Skidstain Halo, de Kevin Sweeney

« Skid », c'est « glisser ». « Stain », c'est une tache mais « skidstain », ensemble, c'est la trace de pneus dans le slibard. « Halo » ne pose pas de problème, c'est le même mot en français. Quid, en revanche, de « skidstain halo » ? Un « halo en trace(s) de pneus » ? En effet mais pour être plus exact, il vaut mieux rendre par « auréole en trace(s) de pneus ». Il s'agit bien d'une auréole témoignant de l'état de sainteté en dépit de l'usage, comment dire, oxymorique, de « skidstain » et de « halo ». C'est que, dans ce court roman, nous nous trouvons au Ciel, à ceci près que le Ciel n'est plus ce qu'il était.

Depuis que Satan a pris sa retraite, l'Enfer n'existe plus, tout le monde va au Ciel, même les pires salauds, même la tueuse en série Zinloos Geweld (qu'on peut comprendre comme « violence aveugle »), coupable d'un nombre hallucinant de meurtres au cours de son existence terrestre. Le problème du Ciel, en plus de sa décrépitude sans cesse croissante, c'est qu'on s'y ennuie ferme. Scott Sweeney reprend la célèbre aporie de Woody Allen (« L'éternité, c'est long, surtout vers la fin. ») mais la modifie de manière significative car dans son roman, l'éternité n'a pas de fin. Si la phrase d'Allen exprime au premier chef notre dépendance à la perception du temps comme avancée linéaire faite de succession, Sweeney, en somme, ne fait pas autre chose mais il ne fait pas que cela. Il développe aussi à outrance sa moquerie de nos représentations religieuses. Ce qui me semble révélateur, c'est une sorte d'insert que Sweeney ajoute à la fin de son livre, une fois l'intrigue terminée. Là, de manière très sobre, en un paragraphe assez bref, il montre (selon moi) qu'il n'est pas tant nihiliste (athée) qu'agnostique (il n'est pas fermé à la notion de transcendance). Cet ajout n'était peut-être pas indispensable car tout lecteur doté d'un minimum d'intelligence peut s'en rendre compte à la lecture de Skidstain Halo.
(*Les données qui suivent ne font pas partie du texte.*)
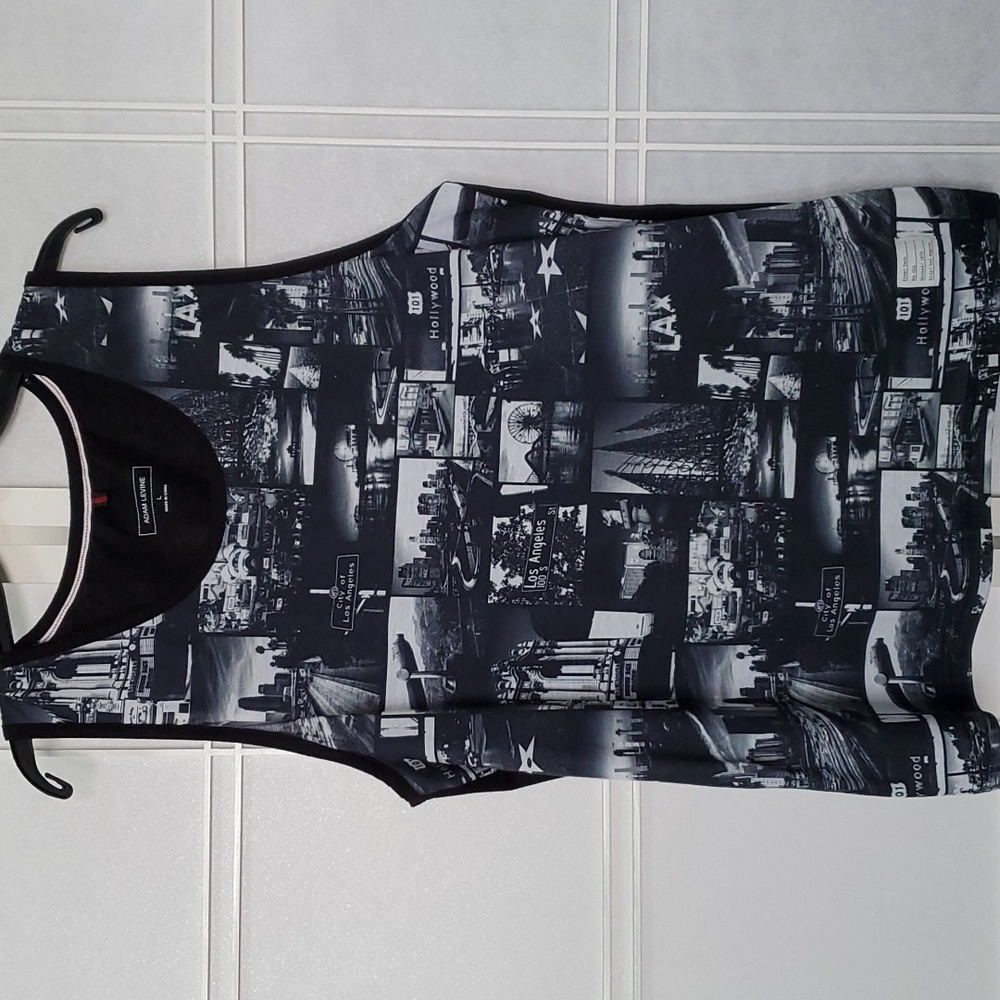 Adam Levine Tank Top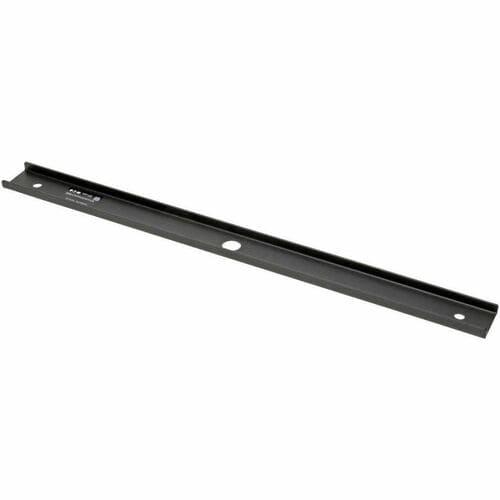Tripp Lite by Eaton Ceiling Center Support Kit for 18 in. Cable Runway, Straight and 90-Degree - Hardware Included - Black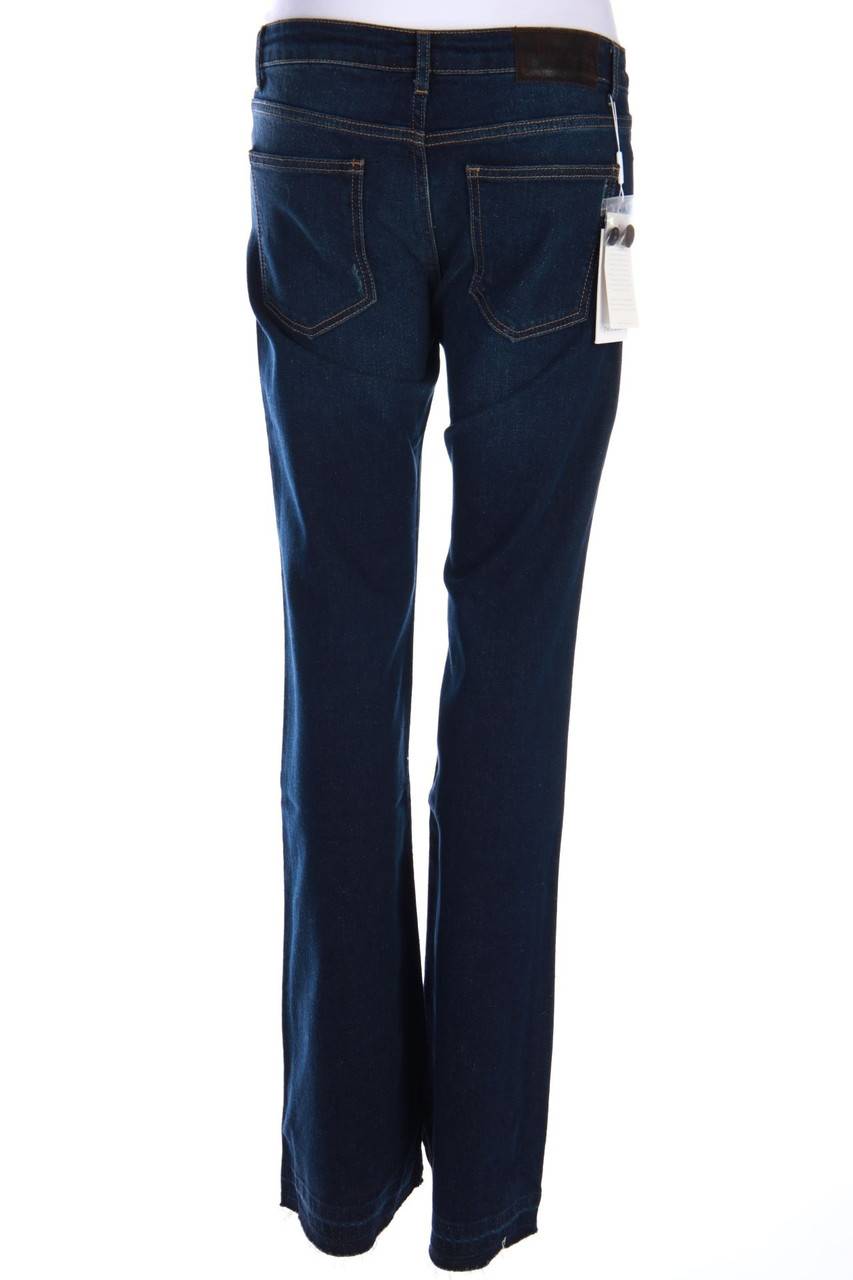 Carou InWear Used Look Flared-Jeans Online Outlet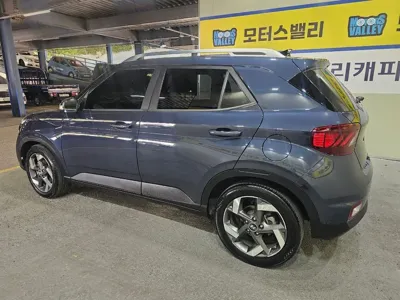 Hyundai Venue 2020, 46600 км, за 16300000 KRW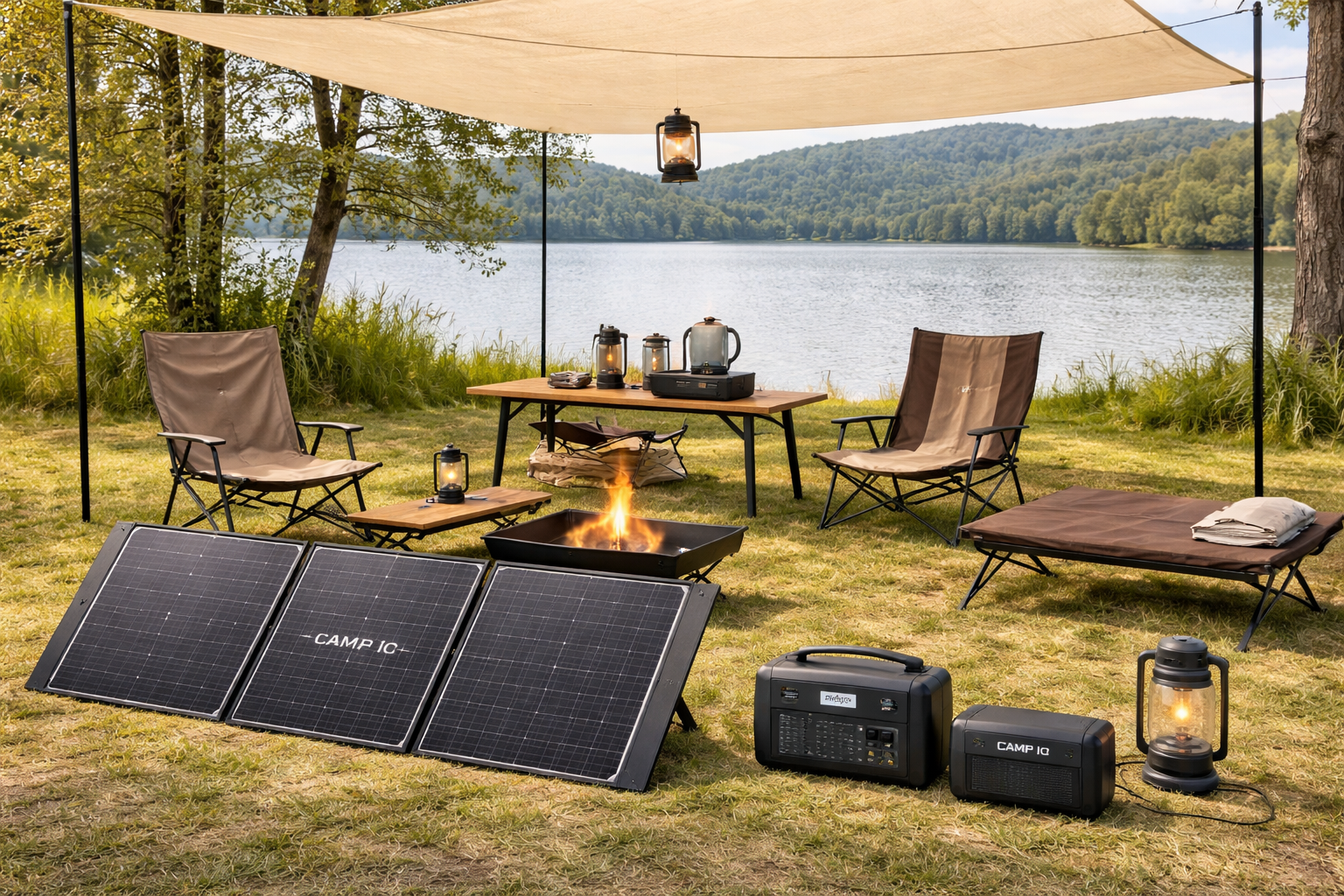 Solar & Power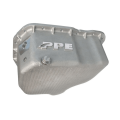 PPE - PPE Duramax High-Capacity Cast Aluminum Deep Engine Oil Pan | 2001-2010 GM Duramax 6.6L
Il serait en effet trop simple de se contenter d'une approche superficielle de ce roman sous prétexte qu'il entre dans le registre bizarro et qu'en conséquence, il déploie des trésors de violence et d'obscénité surréalistes. Le Ciel est devenu un gigantesque ensemble de parcs à thème ; Zinloos, ne trouvant sa place nulle part, finit par choisir une arène à combats perpétuels entre équipes de tueurs, de monstres, de super-héros et super-vilains tous plus improbables les uns que les autres mais que Sweeney parvient magistralement à raccorder à notre pop culture. L'arène en question se nomme Skidstain. Dans un au-delà où les auréoles de saints et d'anges sont faites avec des matières recyclées (faute de mieux), les points engrangés lors d'un combat sont déterminés par la capacité à déféquer à l'intérieur de l'auréole portée par un adversaire qui, même mort, même radicalement atomisé, se reconstitue en quelques instants. Ces quelques indications permettent de comprendre que Sweeney pianote aussi très bien sur les univers que nous-mêmes ne cessons de vouloir substituer à une réalité soit insatisfaisante (échec des idéologies, refus de celles-ci), soit dirigiste (extrémismes, rejet des directeurs de conscience). Finalement, Skidstain Halo permet à Sweeney de passer la surmultipliée dans la caricature : c'est aussi un roman très drôle. Zinloos, dans cet univers de geeks, le nôtre, passera de l'informe (elle ne sait pas qui elle est, ce qu'elle est vraiment) à l'existence en pleine conscience d'elle-même. Pour dire ça autrement, elle découvrira son identité en surpassant des règles de vie et d'action tellement cristallisées par l'ennui qu'elles ont atteint l'absurde. Il n'est d'ailleurs pas inintéressant d'apprendre, à la fin du roman, où en est le Créateur, Dieu en personne, dans ces mondes au bout du rouleau.

Tout ce qui est en haut est comme tout ce qui est en bas. Tout ce qui est en bas est comme tout ce qui est en haut mais nous avons perdu le sens des hiérarchies et des finalités. Heureusement qu'une implacable et sympathique tueuse nous invite à la fête. Pour ma part, c'est la première fois que je lis Kevin Sweeney et je suis curieux de découvrir le reste de sa production.